Was the music on TMI completely done before any vocals were recorded? Was there much discussion on details like harmonies, final mixes, track running order? [How was this stuff decided upon?]

Bernie : Completely independent. Dale wrote and recorded all the backing tracks in Canada, then l took them into the studio the Heep have recorded the last few albums in, with the engineer who’s worked with me for 12 years and we came up with lyric lines, some new, some true to the original, the l came up with all the harmonies and bv’s on the spot. Good fun, great experience, but boy, not as easy as when l had Phil Lanzon just firing them off the top of his head. Very proud of the outcome though.

Dale : Bernie was of course familiar with the four songs we had recorded earlier and so he knew all the vocal parts and took those songs from that point vocally. For the new material I sent demos over with me singing the songs to demo the vocal melodies I had composed for the lyrics. From there Bernie works the melodies and phrasing a bit to suit his style and writes all the back up harmony vocal melodies.

What can you tell me about the other players used on the album and your connections to them?

Bernie : I’ve known Don Restall most of my life. Met him in elementary school, and he’s always been a drummer, and a damn good one! Great backing singer too. Good combo. We’ve been in a hundred garage bands together over my teenage years and before! We were in ‘In Transit’ together, so we know each other inside and out. So good to have him on this album..

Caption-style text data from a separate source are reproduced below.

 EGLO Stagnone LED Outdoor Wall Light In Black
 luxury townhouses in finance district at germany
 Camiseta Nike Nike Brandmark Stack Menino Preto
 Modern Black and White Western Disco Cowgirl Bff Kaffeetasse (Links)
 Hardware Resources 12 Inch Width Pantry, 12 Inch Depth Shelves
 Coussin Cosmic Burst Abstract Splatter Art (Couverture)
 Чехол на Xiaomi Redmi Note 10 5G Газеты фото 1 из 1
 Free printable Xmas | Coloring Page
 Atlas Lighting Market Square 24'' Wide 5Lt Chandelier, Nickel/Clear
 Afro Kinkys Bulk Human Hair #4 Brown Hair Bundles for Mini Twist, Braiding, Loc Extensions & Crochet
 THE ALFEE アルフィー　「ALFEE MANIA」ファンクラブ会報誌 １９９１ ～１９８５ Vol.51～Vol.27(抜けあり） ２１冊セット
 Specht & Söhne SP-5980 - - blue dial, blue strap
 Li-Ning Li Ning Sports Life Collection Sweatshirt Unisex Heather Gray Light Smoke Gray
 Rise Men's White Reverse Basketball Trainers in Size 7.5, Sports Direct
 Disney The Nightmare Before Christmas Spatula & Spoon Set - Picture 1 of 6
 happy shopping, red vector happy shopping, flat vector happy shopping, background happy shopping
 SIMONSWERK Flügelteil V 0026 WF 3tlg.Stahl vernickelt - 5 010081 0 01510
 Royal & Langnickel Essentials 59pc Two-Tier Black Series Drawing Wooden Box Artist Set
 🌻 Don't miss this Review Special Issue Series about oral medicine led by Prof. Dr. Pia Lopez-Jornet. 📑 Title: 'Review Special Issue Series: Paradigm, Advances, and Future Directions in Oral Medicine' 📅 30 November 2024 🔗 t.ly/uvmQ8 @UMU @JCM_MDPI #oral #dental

Dale : I met Don and Bernie in 1996, when I got a call to audition for the band In Transit, which was a cover show Don and Bernie were building to do some shows during Bernie’s Christmas time visit to Victoria, BC where his family lived. Over the course of doing a few shows together discussions took place about doing some recording, which led to the EP Picking Locks.
On a very interesting and pleasant note for me, the song Alone has 3 of the four original members from my old band London Times, from many years before. Drummer Kelly Studola and bassist Neil van Dyjk , and myself were the original members of London Times which was a four piece rock cover band doing Zepplin, Aerosmith, Sabbath, Pink Floyd, Rush, Max Webster and the like. We had a great singer named Kevin Fullerton who could sing all those high singer parts and the band toured for years with great success in two different version.
Jason Gardenits is a keyboardist/ piano player from my area who I have worked with in Sleeping Dogs Lie. I just love his piano work on Sad Song and Hey Jimi.
Mark Ammar, who played drums on Just A Little Bit, is the drummer who I grew up with from grade 7 through high school and we as kids spent tons and tons of hours jamming and learning to play together. Just A Little Bit struck me as having a kind of Zeppish feel to it and knowing Mark as I do I felt he was the right drummer for that song.

Do either of you have any other projects on the go? [Bernie – aside from Heep!]

Dale : I Always have some musical on the go. I am planning an album and hope to begin work on it as soon as things settle down a bit. I have been very busy with this release.

What new and/or old albums or artists are each of you listening to these days?

Bernie : My listening spectrum is pretty wide. Lyle Lovett, to Lady Antebellum. Patricia Barber to John5. The Blind Boys of Alabama, to Sammy Hagar and the Circle. Damn Yankees, to Jeff Beck. And YES. I’m a Nicleback fan. Love Chad’s lyrics. They are “real” and to me , that’s what counts!!! Oh ya…. and they’re Canadian !

Dale : I have some music, that for me will ever be in my list of favorite listening – albums like Dark Side Of The Moon, Crime Of The Century, most Led Zeppelin, Big Generator from Yes, and far too many to list here… but I am also a fan of Foo Fighters, Vdelli, and many newer bands. I try, when I can, to stay in touch with what is new in rock music; I believe it helps keep me from being in a writing rut.